▼▼▼
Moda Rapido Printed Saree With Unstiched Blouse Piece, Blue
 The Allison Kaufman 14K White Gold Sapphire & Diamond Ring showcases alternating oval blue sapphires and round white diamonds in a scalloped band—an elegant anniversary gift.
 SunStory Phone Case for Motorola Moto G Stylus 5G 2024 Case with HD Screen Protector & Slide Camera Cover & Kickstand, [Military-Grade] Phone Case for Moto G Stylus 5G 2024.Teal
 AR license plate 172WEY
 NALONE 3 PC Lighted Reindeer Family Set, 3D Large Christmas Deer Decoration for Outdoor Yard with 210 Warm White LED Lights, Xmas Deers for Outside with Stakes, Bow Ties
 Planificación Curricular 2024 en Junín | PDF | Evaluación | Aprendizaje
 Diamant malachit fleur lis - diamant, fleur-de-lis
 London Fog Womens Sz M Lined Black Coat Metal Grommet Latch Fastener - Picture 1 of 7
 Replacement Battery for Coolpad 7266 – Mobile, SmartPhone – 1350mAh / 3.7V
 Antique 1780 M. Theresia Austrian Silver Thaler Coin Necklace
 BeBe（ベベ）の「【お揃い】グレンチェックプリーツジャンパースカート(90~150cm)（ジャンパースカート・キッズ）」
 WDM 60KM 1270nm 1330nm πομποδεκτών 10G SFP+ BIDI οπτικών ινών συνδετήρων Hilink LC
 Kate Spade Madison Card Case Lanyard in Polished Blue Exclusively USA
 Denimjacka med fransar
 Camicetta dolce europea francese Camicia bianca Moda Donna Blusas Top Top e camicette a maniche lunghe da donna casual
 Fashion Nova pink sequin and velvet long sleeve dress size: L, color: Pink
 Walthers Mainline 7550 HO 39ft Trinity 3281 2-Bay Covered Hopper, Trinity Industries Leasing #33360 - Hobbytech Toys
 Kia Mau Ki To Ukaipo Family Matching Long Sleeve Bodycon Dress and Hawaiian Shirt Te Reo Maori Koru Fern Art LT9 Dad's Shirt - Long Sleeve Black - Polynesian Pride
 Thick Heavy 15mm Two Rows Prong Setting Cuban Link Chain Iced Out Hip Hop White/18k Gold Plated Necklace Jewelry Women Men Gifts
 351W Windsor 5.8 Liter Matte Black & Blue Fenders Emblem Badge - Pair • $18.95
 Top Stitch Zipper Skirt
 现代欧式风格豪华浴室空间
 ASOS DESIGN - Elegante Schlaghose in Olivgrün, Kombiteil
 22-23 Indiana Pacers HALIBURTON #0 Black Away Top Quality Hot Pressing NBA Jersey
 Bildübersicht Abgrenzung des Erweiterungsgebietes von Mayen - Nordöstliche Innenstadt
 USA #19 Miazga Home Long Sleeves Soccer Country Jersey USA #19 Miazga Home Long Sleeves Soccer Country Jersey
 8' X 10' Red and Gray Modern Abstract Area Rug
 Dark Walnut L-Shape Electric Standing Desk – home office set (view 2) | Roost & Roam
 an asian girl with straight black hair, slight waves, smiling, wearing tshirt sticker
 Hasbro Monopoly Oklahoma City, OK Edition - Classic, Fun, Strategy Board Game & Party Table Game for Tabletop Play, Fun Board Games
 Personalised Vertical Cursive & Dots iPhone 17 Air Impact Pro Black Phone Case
▲▲▲
— WHAT YOU HAVE TO DO —
Filter the data above by the word "Jersey" and copy every line that matches.

— COMPLETED EXERCISE —
 22-23 Indiana Pacers HALIBURTON #0 Black Away Top Quality Hot Pressing NBA Jersey
 USA #19 Miazga Home Long Sleeves Soccer Country Jersey USA #19 Miazga Home Long Sleeves Soccer Country Jersey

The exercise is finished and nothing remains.